In what may be the most significant diplomatic step in the Balkans since the end of the war in the 1980s, after 27 years, a name deal has been agreed between the governments of Greece and Macedonia, or the Republic of North Macedonia, as it will now be known.
As most of the ancient kingdom of Macedonia is within its borders, Greece has opposed the use of the name by its neighbor, which it unilaterally chose for itself as it declared independence from Yugoslavia in 1991. The majority of Greeks still oppose the use of “North Macedonia,” and the deal was only narrowly approved with 153 votes in support in Greece’s 300-seat parliament.
Greece, a member of both NATO and the European Union (EU), has been blocking Macedonia’s membership to NATO and the beginning of accession talks with the EU until the name dispute was resolved.
At the same time, a bill expanding the official use of the Albanian language has been published in Macedonia’s official gazette, making it law. The legislation was signed by Parliament speaker Talat Xhaferi, an ethnic Albanian, bypassing President Gjorge Ivanov, who had been legally obliged to sign it into law after parliament approved it twice in separate sessions last year.
Despite ethnic Albanians comprising about a quarter of Macedonia’s 2 million people, Ivanov claims the bill is unconstitutional and unnecessary.

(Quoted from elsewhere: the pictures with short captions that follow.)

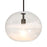 Besa Lighting Geno 1 Light Stem Pendant, Black/Clear - 1TT-GENOCL-BK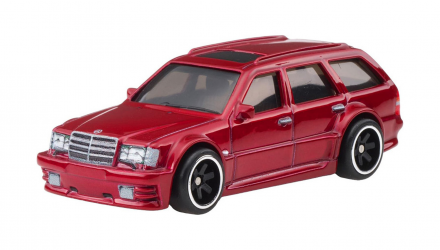 Машинка Premium Hot Wheels Mercedes-Benz AMG E 36 AMG Fast Wagons 1:64 JKB69 Red - Retromagaz, image 1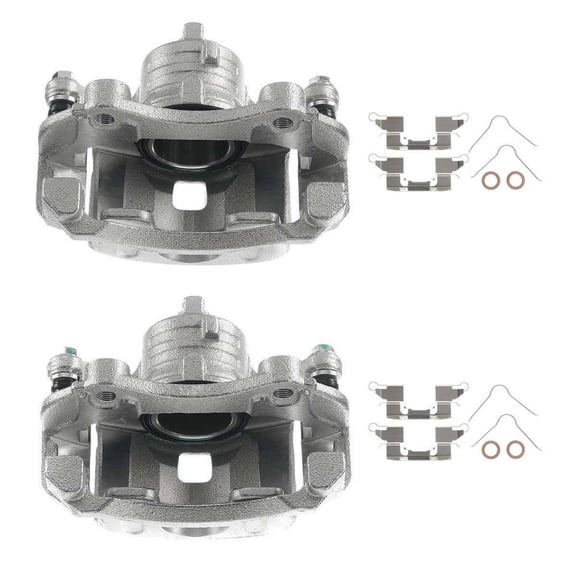 2x Brake Caliper w/ Bracket For March Micra Versa Versa Note Front Left & Right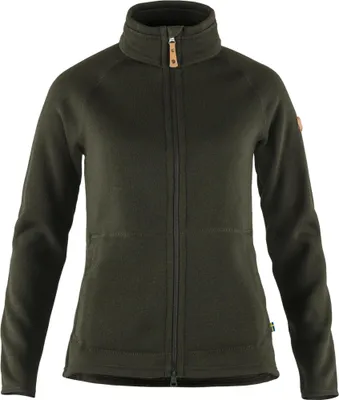 Produktbild von FJÄLLRÄVEN Övik Fleece Zip Sweater W Deep Forest XL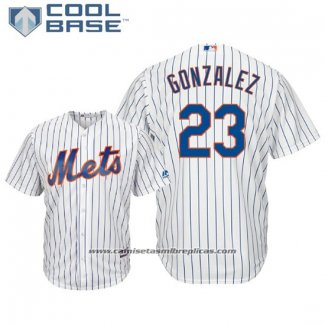 Camiseta Beisbol Hombre New York Mets Adrian Gonzalez Cool Base Primera Blanco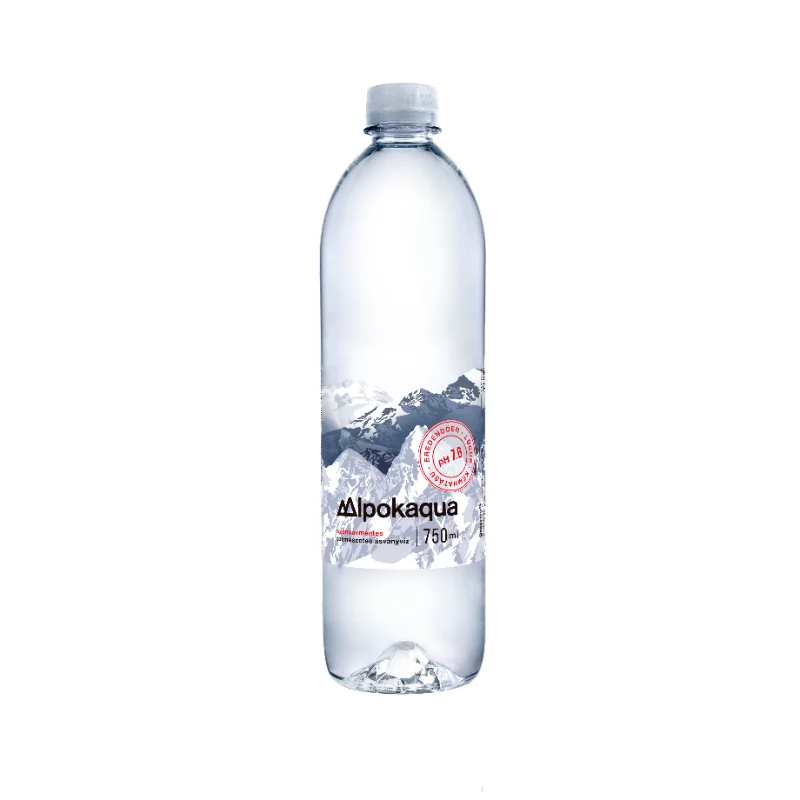 Alpokaqua ásványvíz 0,75L szénsavmentes PET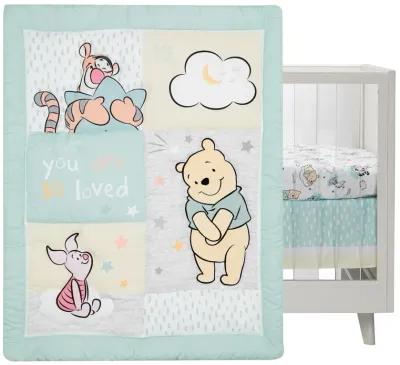 Lambs & Ivy Disney Baby Winnie the Pooh Hugs 3-Piece Nursery Crib Bedding Set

Under the legislation, Macedonian continues to be the country’s official language, but Albanian, which has until now been an official language only in areas where the minority makes up at least 20% of the population, will be used more widely.
The measure also boosts the use of the language at the national level, including in administrative, health, judicial, police, and other official matters. Elected representatives were already allowed to use Albanian in Parliament, but under the new law, the speaker will be allowed to speak and lead sessions in that language.